The California Supreme Court heard oral arguments this week, during which the Attorney General’s office in suit filed by the insurance industry defended a regulatory move by Insurance Dave Jones.

The regulation was developed under Commissioner Steve Poizner and issued by Commissioner Dave Jones to address a perceived problem faced by some homeowners whose homes were damaged or destroyed in the Oakland Hills and other fires and then they found themselves underinsured.

This is because the replacement cost estimates from their insurers left out key elements of the cost to rebuild their homes, according to Jones.

In an attempt to offer artificially low premiums and compete unfairly for business, insurers removed certain elements of the actual estimated-replacement, which left homeowners without sufficient coverage to rebuild their homes, Jones alleges.

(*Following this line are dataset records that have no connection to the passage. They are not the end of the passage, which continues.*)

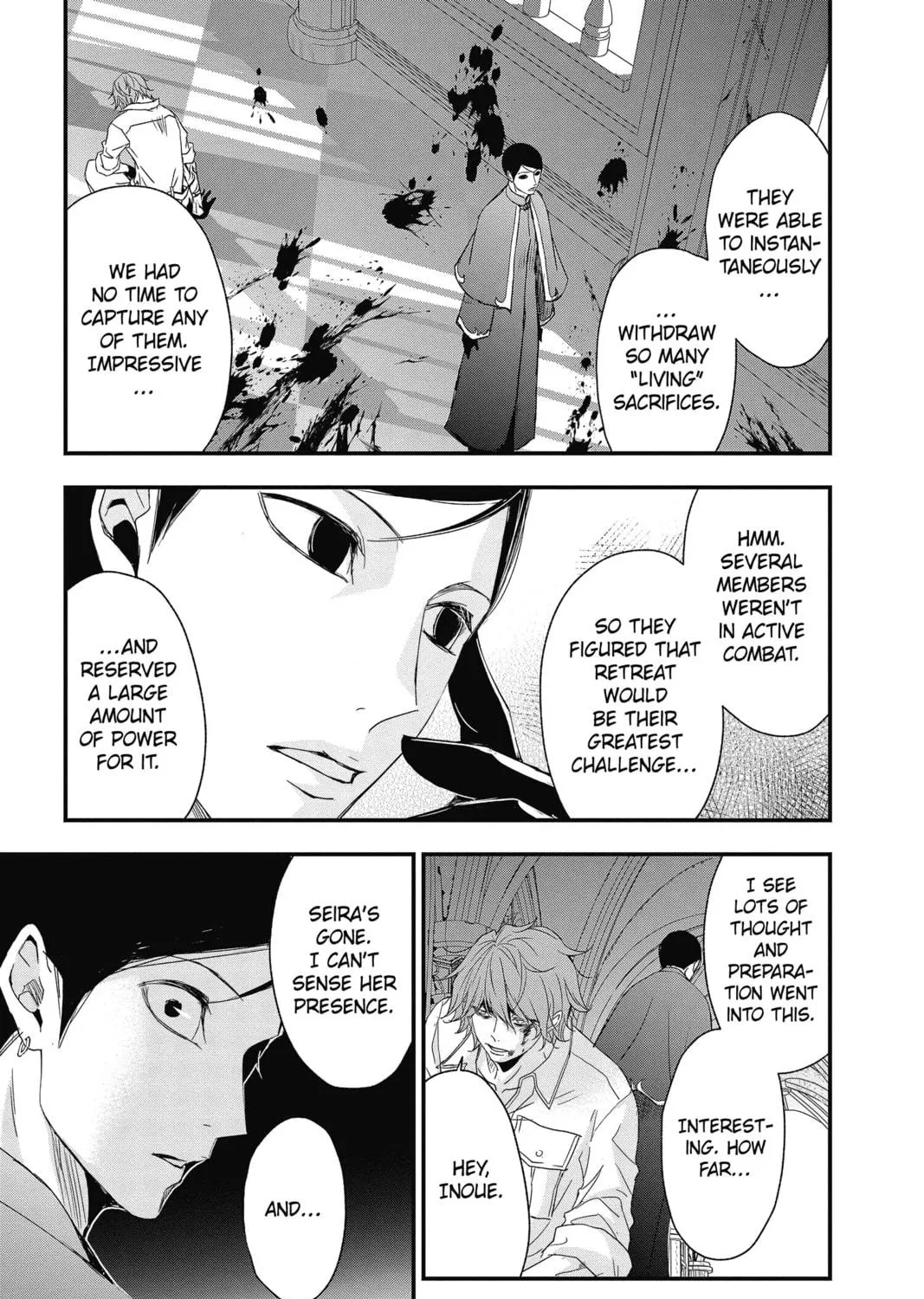 Read The Mind Sweeper chapter 65 image 48 on Lezhin
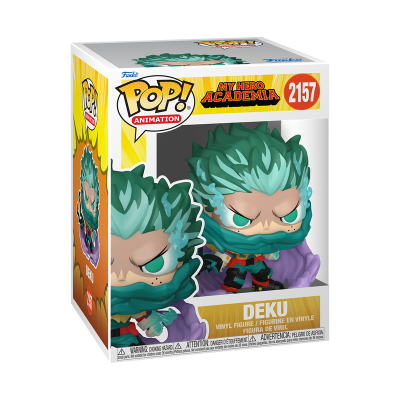 PRÉ-RESERVA - Funko Pop! PREMIUM "My Hero Academia": Deku PRÉ-RESERVA - Funko Pop! PREMIUM "My Hero Academia": Deku
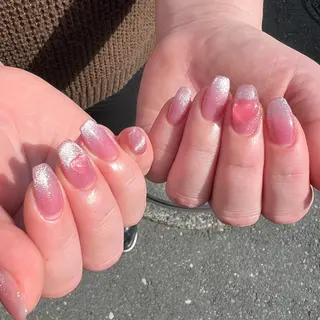 ネイル nailsalon shin/ikedaのネイルデザイン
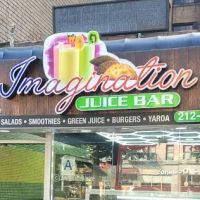 Imagination juice bar ico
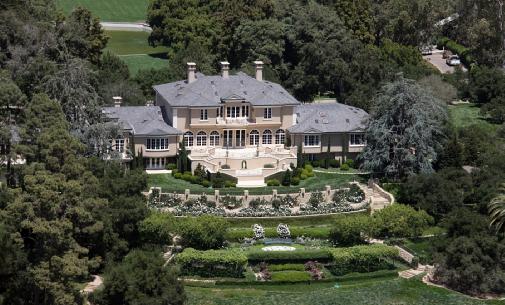 Oprah-Winfrey-House-Aerial-View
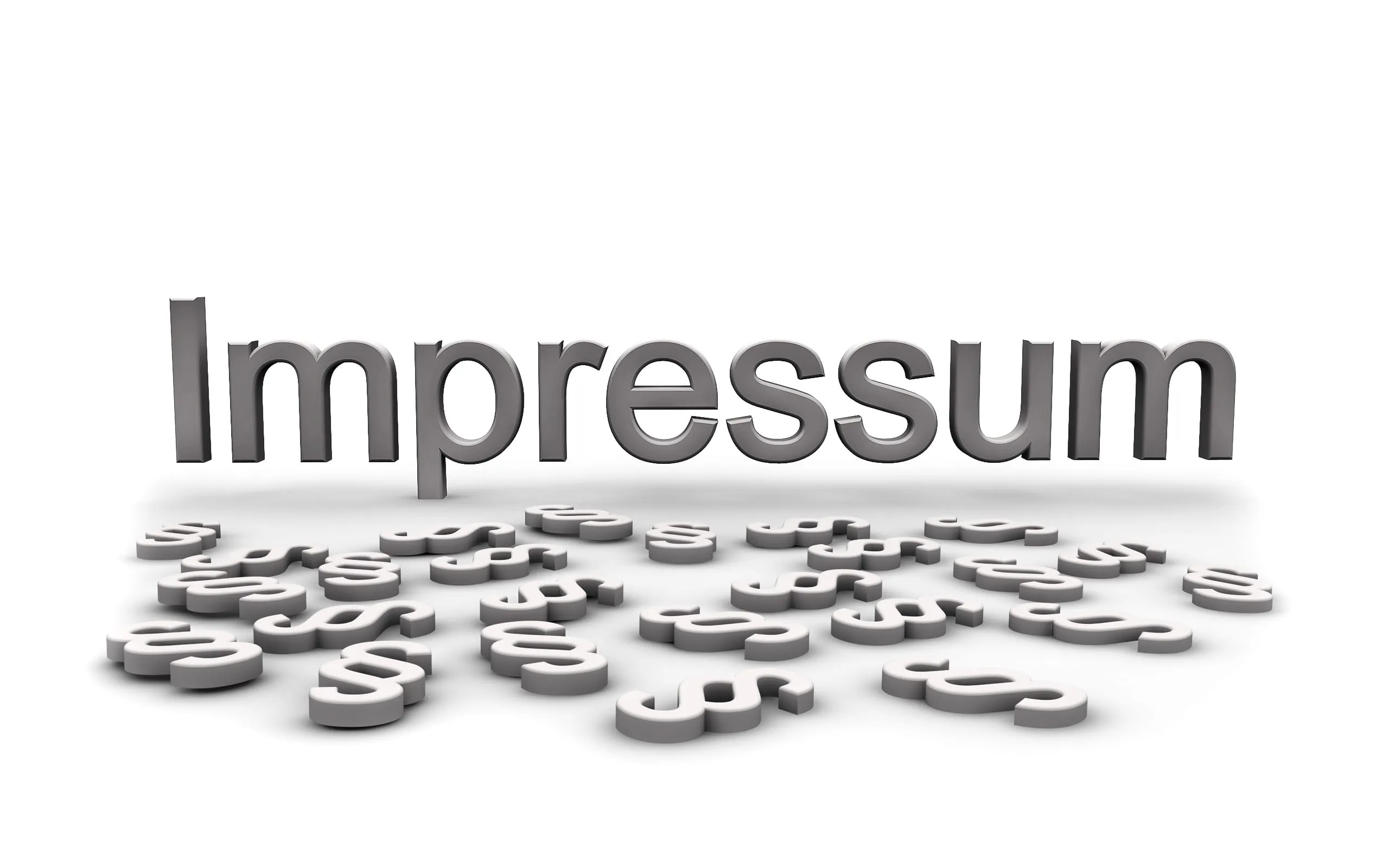 Impressumspflicht: Tipps zur Gestaltung und Platzierung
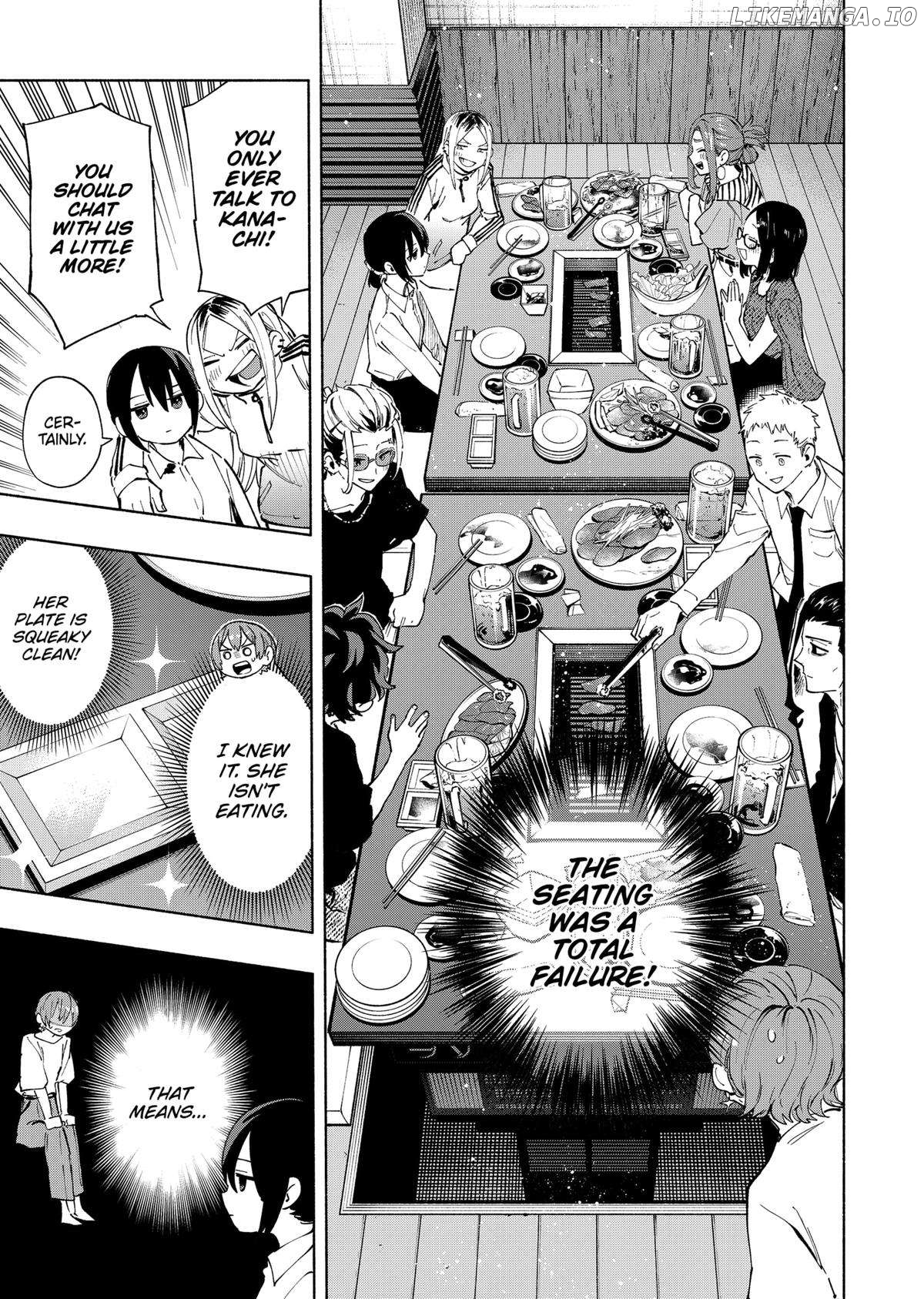 Kabushiki Gaisha Magi Lumiere Chapter 120 - page 3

Jones said regulation requires home insurers when providing a replacement-cost estimate to provide a complete estimate of the cost of replacing a home so homeowners know how much insurance they should buy.

Insurers sued the commissioner to block the regulation.

The Association of California Insurance Companies and the Personal Insurance Federation of California see the case as an example of a growing trend where regulators overreach their mandates.

According to the groups, this regulatory overreach trend is driving up costs for insurers and their customers in addition to impairing insurers’ ability to effectively serve their customers.

The regulation, which was adopted in 2010 and went into effect in 2011, established specific requirements governing replacement-cost estimates and decreed that any estimate not conforming to those requirements be deemed a misleading communication in violation of the Unfair Insurance Practices Act.

ACIC and the PIFC filed suit against the CDI of Insurance in 2011 alleging that the Department lacked authority to promulgate the regulation.

Jones noted that the Attorney General feels different.

“The Attorney General’s office noted that the Department of Insurance is expressly authorized to issue regulations to protect consumers, and this regulation falls within that express authority as well as within the authority of a long line of cases supporting rulemaking by governmental agencies like the California Department of Insurance,” Jones said in a statement.